WORK ORDER:
Write out the data exactly from its first line onward, ending with the line in which "Ben Morgan 1 🏴󠁧󠁢󠁷󠁬󠁳󠁿" appears.

Data records:

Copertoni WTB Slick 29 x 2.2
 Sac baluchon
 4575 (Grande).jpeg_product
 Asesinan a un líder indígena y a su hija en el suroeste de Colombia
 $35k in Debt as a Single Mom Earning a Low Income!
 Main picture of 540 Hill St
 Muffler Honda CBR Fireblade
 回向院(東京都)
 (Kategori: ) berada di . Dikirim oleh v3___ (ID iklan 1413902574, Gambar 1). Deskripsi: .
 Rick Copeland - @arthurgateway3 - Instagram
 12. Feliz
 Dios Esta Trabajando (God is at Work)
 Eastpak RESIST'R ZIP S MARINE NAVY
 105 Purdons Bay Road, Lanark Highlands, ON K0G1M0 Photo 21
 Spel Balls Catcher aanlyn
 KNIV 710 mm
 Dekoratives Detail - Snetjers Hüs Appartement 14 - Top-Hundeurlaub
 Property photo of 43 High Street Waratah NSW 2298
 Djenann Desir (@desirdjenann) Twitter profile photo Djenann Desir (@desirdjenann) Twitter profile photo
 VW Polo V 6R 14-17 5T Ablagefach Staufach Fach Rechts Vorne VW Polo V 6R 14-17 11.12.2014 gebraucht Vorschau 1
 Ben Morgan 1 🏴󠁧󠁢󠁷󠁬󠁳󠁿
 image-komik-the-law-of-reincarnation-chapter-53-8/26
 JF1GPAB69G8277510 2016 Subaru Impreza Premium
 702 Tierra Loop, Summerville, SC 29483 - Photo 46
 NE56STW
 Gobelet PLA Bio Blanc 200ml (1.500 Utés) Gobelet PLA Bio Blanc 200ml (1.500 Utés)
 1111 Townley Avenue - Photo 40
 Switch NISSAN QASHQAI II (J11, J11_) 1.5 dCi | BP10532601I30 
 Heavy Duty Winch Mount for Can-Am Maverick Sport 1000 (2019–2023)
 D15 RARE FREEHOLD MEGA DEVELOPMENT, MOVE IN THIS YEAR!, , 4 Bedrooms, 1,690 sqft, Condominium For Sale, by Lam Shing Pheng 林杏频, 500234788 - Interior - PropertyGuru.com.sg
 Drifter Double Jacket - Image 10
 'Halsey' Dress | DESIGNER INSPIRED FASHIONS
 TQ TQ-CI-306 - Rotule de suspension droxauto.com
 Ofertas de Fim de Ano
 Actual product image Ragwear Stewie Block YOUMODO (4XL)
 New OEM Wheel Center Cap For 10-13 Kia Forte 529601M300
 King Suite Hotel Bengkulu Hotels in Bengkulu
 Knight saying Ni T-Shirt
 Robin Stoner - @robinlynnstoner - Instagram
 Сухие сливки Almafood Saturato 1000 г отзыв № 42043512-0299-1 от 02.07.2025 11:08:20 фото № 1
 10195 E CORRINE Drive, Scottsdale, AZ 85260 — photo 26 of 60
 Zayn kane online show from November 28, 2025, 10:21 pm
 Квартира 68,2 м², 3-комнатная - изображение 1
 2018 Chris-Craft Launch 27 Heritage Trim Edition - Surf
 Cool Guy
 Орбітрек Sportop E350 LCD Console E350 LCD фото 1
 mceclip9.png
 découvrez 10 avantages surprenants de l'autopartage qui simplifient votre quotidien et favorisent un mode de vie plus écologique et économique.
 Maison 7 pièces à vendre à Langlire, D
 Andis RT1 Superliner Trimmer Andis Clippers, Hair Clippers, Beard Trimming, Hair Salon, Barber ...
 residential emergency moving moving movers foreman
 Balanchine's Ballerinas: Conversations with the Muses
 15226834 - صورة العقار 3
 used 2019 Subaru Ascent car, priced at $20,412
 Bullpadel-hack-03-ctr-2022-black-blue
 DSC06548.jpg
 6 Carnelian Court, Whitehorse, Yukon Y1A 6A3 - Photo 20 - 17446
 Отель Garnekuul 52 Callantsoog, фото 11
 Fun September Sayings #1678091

ANSWER SECTION:
Copertoni WTB Slick 29 x 2.2
 Sac baluchon
 4575 (Grande).jpeg_product
 Asesinan a un líder indígena y a su hija en el suroeste de Colombia
 $35k in Debt as a Single Mom Earning a Low Income!
 Main picture of 540 Hill St
 Muffler Honda CBR Fireblade
 回向院(東京都)
 (Kategori: ) berada di . Dikirim oleh v3___ (ID iklan 1413902574, Gambar 1). Deskripsi: .
 Rick Copeland - @arthurgateway3 - Instagram
 12. Feliz
 Dios Esta Trabajando (God is at Work)
 Eastpak RESIST'R ZIP S MARINE NAVY
 105 Purdons Bay Road, Lanark Highlands, ON K0G1M0 Photo 21
 Spel Balls Catcher aanlyn
 KNIV 710 mm
 Dekoratives Detail - Snetjers Hüs Appartement 14 - Top-Hundeurlaub
 Property photo of 43 High Street Waratah NSW 2298
 Djenann Desir (@desirdjenann) Twitter profile photo Djenann Desir (@desirdjenann) Twitter profile photo
 VW Polo V 6R 14-17 5T Ablagefach Staufach Fach Rechts Vorne VW Polo V 6R 14-17 11.12.2014 gebraucht Vorschau 1
 Ben Morgan 1 🏴󠁧󠁢󠁷󠁬󠁳󠁿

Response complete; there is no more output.